Scan the records below. List lines holding "Sleeve".

**Record extracts:**
%%
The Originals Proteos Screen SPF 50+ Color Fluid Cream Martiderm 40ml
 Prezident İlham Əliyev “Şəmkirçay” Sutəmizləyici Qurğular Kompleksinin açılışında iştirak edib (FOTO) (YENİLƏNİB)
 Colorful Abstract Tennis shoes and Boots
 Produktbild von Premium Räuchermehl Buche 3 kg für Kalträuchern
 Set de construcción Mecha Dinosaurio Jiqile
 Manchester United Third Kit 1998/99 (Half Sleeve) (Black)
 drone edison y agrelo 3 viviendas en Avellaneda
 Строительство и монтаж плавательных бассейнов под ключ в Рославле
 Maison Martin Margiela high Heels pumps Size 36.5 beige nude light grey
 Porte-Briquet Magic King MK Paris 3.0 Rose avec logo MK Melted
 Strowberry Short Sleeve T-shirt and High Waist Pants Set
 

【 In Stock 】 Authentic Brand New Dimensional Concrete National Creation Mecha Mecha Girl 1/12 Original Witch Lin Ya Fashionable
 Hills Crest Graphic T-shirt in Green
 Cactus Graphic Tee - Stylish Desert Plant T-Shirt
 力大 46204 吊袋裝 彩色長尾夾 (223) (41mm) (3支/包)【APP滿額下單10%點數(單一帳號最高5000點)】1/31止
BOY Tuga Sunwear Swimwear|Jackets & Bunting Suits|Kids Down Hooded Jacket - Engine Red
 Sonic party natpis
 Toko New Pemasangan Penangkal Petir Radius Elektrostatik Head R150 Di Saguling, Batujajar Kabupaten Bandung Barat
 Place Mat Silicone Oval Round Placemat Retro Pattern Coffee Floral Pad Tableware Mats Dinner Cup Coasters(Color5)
%%
**Solution:**
 Manchester United Third Kit 1998/99 (Half Sleeve) (Black)
 Strowberry Short Sleeve T-shirt and High Waist Pants Set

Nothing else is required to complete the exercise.